Does NUMA impact memory bandwidth, or just latency?

I have a problem that is memory bandwidth limited -- I need to read a lot (many GB) of data sequentially from RAM, do some quick processing and write it sequentially to a different location in RAM. Memory latency is not a concern.

Is there any benefit from dividing the work between two or more cores in different NUMA zones? Equivalently, does working across zones reduce the available bandwidth?

Solution

For bandwidth-limited, multi-threaded code, the behavior in a NUMA system will primarily depend how "local" each thread's data accesses are, and secondarily on details of the remote accesses.

In a typical 2-socket server system, the local memory bandwidth available to two NUMA nodes is twice that available to a single node. (But remember that it may take many threads running on many cores to reach asymptotic bandwidth for each socket.)
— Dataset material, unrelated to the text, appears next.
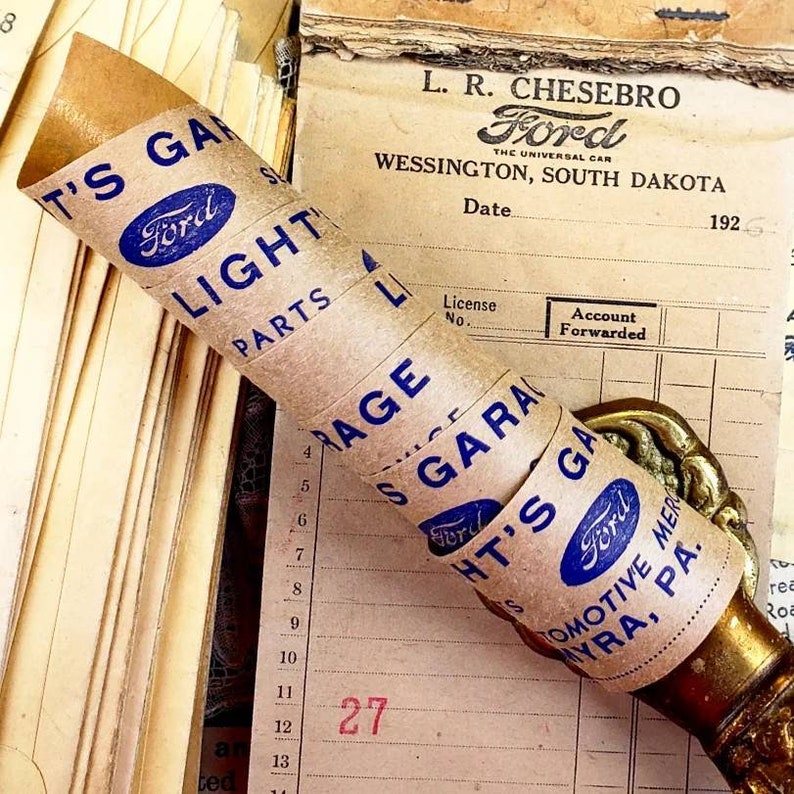 Może przedstawiać: Vintage'owy zw&oacute;j brązowego papieru z niebieskimi i białymi etykietami Forda. Etykiety głosiły "T's Garage", "Ford", "Light Parts", "Garage", "S Garage", "HT's Garage", "Automotive Merchandise" i "Myra, PA".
The STREAM Benchmark, for example, is typically run in a configuration that allows almost all accesses from every thread to be "local". This is implemented by assuming "first touch" NUMA placement -- when allocated memory is first written, the OS has to create mappings from the process virtual address space to physical addresses, and (by default) the OS chooses physical addresses that are in the same NUMA node as the core that executed the store instruction.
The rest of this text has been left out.